María Gabriela Pérez creció junto a sus padres en el barrio porteño de Liniers, junto a otras familias de afrodescendientes. Su vida fue sencilla mientras se mantuvo dentro de esos límites. Cuando intentó cruzarlos fue víctima de la violencia y el desprecio de los demás. “Nunca pude entrar a los boliches de moda, siempre rebotaba en la puerta. Eso me daba dolor, rabia, con el tiempo opté por no ir más”, cuenta. Tampoco pudo encontrar trabajo de lo que a ella le gusta y para lo cual estudió. “Siempre quedaba relegada por la imagen”, explica. “Te discriminan hasta en la parada del colectivo. Puedo estar bien vestida, pero las mujeres se aferran a la cartera por miedo a que les robe”, cuenta enojada.

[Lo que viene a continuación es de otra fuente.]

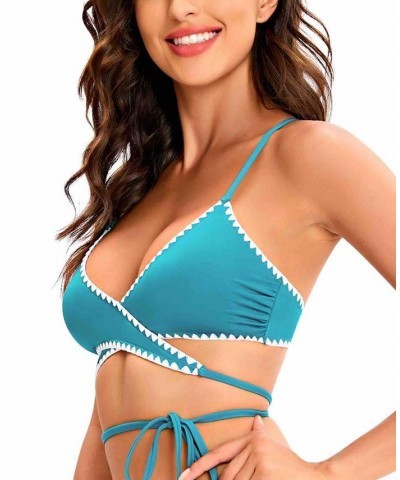 Women's Shell Stitch Wrap Bra Top & Hipster Bottoms Teal $37.84 Swimsuits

Karina Grossman vivió una infancia y adolescencia marcadas por la discriminación y el aislamiento. “En el colegio me decían ‘hormiguita negra’ y ‘chupetín de brea’. Yo reaccionaba y les pegaba. Volvía a casa llorando, me miraba al espejo y me notaba diferente a los demás”, cuenta. En la adolescencia, el dolor fue más grande. “Me pasaba lavandina con algodón en el baño para aclararme la piel, no quería ir a fiestas ni cumpleaños, no me relacionaba con chicas porque sentía que nunca iba a ser rubia y de ojos claros como ellas”, rememora. El dolor por ese maltrato lo descargaba con su madre. “Siempre le echaba la culpa a ella, le decía ‘por tu culpa nadie me quiere’”. Tampoco quería un novio afro para que mis futuros hijos no fueran negros y evitaran la discriminación. “No me juntaba con los chicos morochos, sentía rechazo porque yo me rechazaba. Después vas creciendo y empezás a relacionarte por lo que es el otro y no por su imagen”, dice.

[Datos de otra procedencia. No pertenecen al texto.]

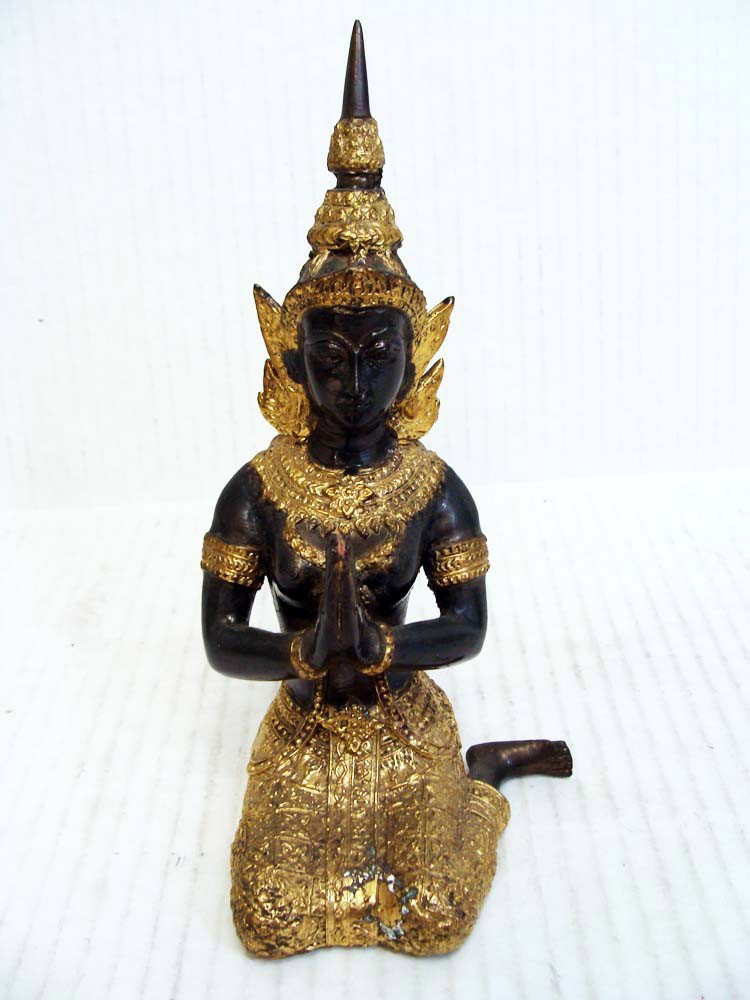 Antique Bronze Gilded Gold Thai Goddess Statue: dimensions 8" h x 3.75" wide.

Mirta Izquierdo recuerda cuando era niña y la vestían toda de blanco. “Me estiraban la motita, me ponían los moños blancos, el delantal y las medias blancas. En la escuela me decían mosca en la leche.” Luego, a los 11, fue a “ayudar” con las tareas de la casa a una señora adinerada. “En la feria, mientras mi patrona compraba fruta fresca y deliciosa, yo tenía que levantar la fruta que tiraban los puesteros. La fruta fresca era para ella, y la podrida se lavaba y era para mí”, recuerda.

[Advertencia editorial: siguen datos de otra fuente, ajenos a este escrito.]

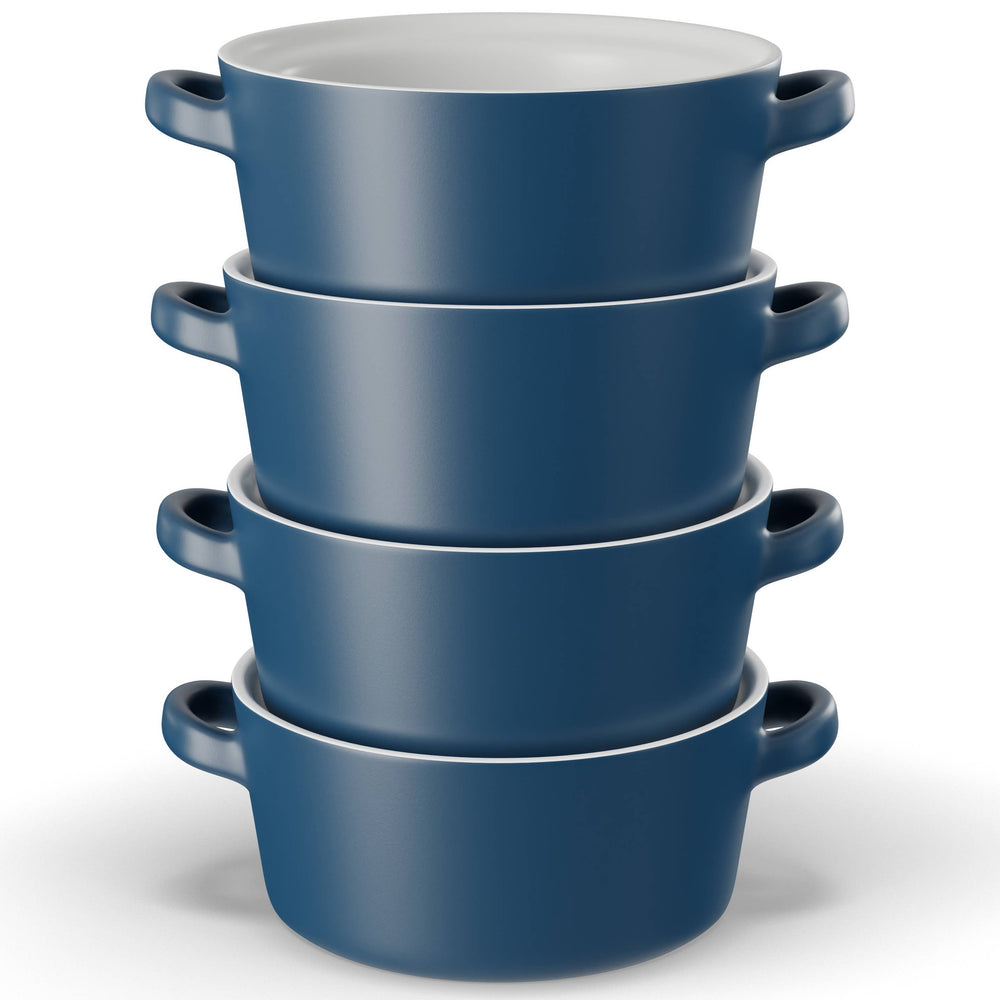 Kook Ceramic Stackable Soup Bowls, 23.6 oz, Set of 4: White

“Es mentira que las generaciones se mejoraron, es mentira que no existe el racismo y la discriminación en los colegios. No hay una conciencia de que el afro es parte del país, de su suelo y tiene los mismos derechos. Estamos pidiendo que se capacite, que se hable, que se respete al diverso. No damos sólo la queja, sino también el dolor de lo que no queremos que siga pasando”, remarca Adriana.